Almost one in eight of all those in forced labour are children, whose figure is put at about 3.3 million. More than half of these suffer from commercial sexual exploitation.

We in India have seen the great migrant labour crisis during the COVID-19 pandemic in which hundreds, if not thousands, of people perished while walking back home from cities, without getting any help from the Modi government which had imposed a sudden lockdown without giving them enough time to face the crisis.

Now the present report has pointed out that migrant workers are more than three times more likely to be in forced labour than non-migrant adult workers. They are particularly vulnerable not only to forced labour but also to trafficking, because of irregular or poorly governed migration, or unfair and unethical recruitment practices.

António Vitorino, IOM Director-General, said: “This report underscores the urgency of ensuring that all migration is safe, orderly, and regular. Reducing the vulnerability of migrants to forced labour and trafficking in persons depends first and foremost on national policy and legal frameworks that respect, protect, and fulfil the human rights and fundamental freedoms of all migrants – and potential migrants – at all stages of the migration process, regardless of their migration status. The whole of society must work together to reverse these shocking trends, including through implementation of the Global Compact on Migration.”

An estimated 22 million people were living in forced marriage on any given day in 2021. It was an increase of 6.6 million since 2016. India is specifically mentioned in this regard along with 10 other countries of the world, including our neighbours Bangladesh and Afghanistan.

The true incidence of forced marriage, particularly involving children aged 16 and younger, is likely far greater than the current estimates can capture, the report has admitted, while clarifying that the present estimates are based on a narrow definition and do not include all child marriages.

Child marriages are considered to be forced because a child cannot legally give consent to marry.

 “It is shocking that the situation of modern slavery is not improving. Nothing can justify the persistence of this fundamental abuse of human rights,” said ILO Director-General, Guy Ryder.

“We know what needs to be done, and we know it can be done. Effective national policies and regulation are fundamental. But governments cannot do this alone. International standards provide a sound basis, and an all-hands-on-deck approach is needed.
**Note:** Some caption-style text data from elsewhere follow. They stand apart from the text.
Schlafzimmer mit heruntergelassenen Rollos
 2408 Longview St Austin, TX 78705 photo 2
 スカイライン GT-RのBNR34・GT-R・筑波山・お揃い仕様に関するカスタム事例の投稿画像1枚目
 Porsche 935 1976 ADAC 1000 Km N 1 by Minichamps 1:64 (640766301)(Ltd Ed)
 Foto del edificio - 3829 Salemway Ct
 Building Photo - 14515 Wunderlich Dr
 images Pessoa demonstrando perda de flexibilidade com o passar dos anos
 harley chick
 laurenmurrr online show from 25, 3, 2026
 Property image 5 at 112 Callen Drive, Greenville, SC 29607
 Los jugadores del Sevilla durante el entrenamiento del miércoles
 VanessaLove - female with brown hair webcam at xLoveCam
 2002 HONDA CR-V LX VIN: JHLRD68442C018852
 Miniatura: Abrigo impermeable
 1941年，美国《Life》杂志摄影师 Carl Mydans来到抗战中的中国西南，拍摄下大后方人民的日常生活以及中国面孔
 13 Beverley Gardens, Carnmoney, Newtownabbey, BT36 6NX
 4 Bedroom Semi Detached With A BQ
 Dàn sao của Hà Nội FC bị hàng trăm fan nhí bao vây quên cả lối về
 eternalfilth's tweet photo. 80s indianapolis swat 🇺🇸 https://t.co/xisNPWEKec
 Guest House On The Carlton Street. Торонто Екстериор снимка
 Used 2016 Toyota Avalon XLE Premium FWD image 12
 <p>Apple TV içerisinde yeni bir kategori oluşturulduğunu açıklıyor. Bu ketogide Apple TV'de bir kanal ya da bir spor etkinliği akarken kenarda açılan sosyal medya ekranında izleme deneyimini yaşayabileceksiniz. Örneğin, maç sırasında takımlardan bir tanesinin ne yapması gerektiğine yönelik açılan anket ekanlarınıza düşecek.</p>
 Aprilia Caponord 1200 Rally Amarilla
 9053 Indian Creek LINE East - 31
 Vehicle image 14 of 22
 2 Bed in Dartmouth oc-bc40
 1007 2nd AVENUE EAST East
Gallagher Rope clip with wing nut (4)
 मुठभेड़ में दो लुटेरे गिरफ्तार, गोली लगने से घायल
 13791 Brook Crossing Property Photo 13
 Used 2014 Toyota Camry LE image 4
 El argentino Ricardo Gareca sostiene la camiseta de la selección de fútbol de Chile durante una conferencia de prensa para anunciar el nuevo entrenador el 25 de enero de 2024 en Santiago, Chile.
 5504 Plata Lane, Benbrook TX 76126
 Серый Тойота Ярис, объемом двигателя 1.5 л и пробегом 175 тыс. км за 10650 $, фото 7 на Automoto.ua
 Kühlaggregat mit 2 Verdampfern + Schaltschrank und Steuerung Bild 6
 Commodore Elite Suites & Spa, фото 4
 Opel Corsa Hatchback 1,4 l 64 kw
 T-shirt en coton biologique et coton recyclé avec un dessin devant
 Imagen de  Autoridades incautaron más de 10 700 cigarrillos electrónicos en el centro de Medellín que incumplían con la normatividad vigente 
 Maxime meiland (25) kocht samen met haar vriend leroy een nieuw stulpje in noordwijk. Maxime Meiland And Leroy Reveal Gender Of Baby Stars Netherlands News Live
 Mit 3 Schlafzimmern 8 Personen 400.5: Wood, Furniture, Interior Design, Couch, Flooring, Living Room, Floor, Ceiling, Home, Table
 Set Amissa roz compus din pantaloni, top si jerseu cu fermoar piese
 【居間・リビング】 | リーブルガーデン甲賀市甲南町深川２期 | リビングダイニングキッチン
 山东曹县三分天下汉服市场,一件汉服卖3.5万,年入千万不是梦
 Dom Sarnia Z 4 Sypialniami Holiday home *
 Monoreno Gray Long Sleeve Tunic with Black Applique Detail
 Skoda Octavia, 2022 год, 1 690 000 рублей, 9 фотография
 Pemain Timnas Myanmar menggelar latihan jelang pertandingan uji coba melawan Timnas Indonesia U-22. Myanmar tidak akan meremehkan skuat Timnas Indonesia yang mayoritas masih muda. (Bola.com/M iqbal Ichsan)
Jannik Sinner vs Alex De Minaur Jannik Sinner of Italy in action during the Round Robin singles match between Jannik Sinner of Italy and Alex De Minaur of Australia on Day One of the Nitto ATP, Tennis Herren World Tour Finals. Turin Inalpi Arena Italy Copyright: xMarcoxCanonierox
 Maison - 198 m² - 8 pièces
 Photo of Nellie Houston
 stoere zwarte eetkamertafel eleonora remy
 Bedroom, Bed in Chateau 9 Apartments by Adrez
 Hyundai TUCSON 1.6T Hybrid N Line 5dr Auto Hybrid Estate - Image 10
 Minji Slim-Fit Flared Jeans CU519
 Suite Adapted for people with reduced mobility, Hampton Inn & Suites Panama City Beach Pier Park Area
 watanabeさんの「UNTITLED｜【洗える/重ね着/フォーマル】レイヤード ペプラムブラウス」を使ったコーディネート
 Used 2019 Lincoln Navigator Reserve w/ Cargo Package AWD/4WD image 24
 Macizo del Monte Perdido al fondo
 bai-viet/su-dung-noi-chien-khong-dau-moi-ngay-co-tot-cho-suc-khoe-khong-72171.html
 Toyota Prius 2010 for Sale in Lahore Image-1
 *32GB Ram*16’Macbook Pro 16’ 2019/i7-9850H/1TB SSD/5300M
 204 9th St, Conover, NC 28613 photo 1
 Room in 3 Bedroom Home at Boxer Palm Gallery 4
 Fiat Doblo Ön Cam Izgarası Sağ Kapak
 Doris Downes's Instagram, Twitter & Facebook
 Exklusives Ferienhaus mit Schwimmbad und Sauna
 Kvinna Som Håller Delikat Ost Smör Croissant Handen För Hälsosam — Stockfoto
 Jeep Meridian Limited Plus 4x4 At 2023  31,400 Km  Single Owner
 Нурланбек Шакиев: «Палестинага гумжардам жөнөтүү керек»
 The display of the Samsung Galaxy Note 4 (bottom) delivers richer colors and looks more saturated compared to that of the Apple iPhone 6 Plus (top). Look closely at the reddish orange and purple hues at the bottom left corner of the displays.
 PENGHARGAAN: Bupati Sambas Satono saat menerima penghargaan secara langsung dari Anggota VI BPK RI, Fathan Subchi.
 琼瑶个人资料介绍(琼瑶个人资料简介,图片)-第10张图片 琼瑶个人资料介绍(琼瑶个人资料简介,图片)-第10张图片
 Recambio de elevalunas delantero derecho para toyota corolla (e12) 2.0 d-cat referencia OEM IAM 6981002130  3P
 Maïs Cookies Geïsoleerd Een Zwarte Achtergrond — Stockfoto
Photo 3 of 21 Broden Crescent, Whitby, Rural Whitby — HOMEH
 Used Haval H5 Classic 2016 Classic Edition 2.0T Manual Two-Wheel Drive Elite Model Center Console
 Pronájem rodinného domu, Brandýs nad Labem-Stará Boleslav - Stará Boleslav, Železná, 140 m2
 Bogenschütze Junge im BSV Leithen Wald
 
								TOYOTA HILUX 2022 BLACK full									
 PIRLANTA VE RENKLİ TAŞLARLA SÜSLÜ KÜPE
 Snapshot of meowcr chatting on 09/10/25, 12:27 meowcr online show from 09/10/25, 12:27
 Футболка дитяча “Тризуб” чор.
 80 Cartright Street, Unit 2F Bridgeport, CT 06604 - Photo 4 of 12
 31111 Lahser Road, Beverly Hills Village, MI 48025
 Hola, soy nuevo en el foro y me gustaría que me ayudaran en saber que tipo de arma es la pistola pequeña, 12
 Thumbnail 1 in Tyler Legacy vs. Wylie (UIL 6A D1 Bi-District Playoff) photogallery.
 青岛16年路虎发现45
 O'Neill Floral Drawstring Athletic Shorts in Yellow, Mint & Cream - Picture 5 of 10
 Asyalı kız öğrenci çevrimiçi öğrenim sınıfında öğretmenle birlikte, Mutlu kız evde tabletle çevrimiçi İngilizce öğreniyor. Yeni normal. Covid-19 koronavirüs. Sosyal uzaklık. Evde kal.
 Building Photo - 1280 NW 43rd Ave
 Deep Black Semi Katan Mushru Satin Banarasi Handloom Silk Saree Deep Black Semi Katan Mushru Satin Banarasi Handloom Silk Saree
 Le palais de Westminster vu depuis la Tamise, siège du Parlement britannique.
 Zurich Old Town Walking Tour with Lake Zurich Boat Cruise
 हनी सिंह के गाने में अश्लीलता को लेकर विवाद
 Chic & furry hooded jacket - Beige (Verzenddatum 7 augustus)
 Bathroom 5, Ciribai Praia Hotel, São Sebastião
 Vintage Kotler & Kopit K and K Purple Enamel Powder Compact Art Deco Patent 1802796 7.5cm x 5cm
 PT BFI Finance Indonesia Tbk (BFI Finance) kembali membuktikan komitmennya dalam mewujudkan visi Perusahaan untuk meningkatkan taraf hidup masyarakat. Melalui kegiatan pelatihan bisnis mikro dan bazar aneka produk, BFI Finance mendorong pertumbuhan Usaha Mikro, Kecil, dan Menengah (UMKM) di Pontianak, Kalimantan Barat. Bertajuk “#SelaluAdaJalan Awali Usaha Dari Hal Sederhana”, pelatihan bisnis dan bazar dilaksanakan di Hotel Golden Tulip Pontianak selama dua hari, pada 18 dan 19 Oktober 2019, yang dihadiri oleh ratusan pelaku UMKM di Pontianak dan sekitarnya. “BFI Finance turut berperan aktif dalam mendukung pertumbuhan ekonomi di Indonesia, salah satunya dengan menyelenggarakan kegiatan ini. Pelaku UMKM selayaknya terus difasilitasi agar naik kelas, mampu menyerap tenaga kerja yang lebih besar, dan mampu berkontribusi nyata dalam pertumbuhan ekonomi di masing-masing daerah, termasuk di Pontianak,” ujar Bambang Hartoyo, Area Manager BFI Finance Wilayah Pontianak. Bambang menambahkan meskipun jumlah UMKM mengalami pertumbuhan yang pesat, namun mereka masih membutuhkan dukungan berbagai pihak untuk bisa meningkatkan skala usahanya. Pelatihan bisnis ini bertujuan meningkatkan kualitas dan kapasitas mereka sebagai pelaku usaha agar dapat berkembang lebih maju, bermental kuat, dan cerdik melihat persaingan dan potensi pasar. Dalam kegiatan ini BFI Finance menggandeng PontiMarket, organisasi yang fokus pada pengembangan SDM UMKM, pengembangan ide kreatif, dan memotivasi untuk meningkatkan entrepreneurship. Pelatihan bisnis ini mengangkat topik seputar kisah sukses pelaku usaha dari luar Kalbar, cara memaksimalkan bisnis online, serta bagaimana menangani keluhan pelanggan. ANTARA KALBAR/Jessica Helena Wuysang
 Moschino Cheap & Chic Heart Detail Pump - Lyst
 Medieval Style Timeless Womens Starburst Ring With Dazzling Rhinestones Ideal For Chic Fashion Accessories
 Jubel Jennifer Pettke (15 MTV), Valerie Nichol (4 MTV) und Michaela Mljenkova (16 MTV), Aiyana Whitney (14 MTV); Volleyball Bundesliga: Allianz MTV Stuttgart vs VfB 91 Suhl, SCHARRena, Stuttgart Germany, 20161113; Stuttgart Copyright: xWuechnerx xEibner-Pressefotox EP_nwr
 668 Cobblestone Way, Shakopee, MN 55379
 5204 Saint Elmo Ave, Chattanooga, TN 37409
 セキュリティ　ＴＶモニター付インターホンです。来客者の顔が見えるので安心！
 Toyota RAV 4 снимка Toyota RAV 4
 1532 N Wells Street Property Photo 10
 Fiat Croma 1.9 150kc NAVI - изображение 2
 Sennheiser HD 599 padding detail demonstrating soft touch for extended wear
Trade unions, employers' organizations, civil society and ordinary people all have critical roles to play,” he added.

 Grace Forrest, founding director of ‘Walk Free’, said: “Modern slavery is the antithesis of sustainable development. Yet, in 2022, it continues to underpin our global economy. It is a man-made problem, connected to both historical slavery and persisting structural inequality. In a time of compounding crises, genuine political will is the key to ending these human rights abuses.”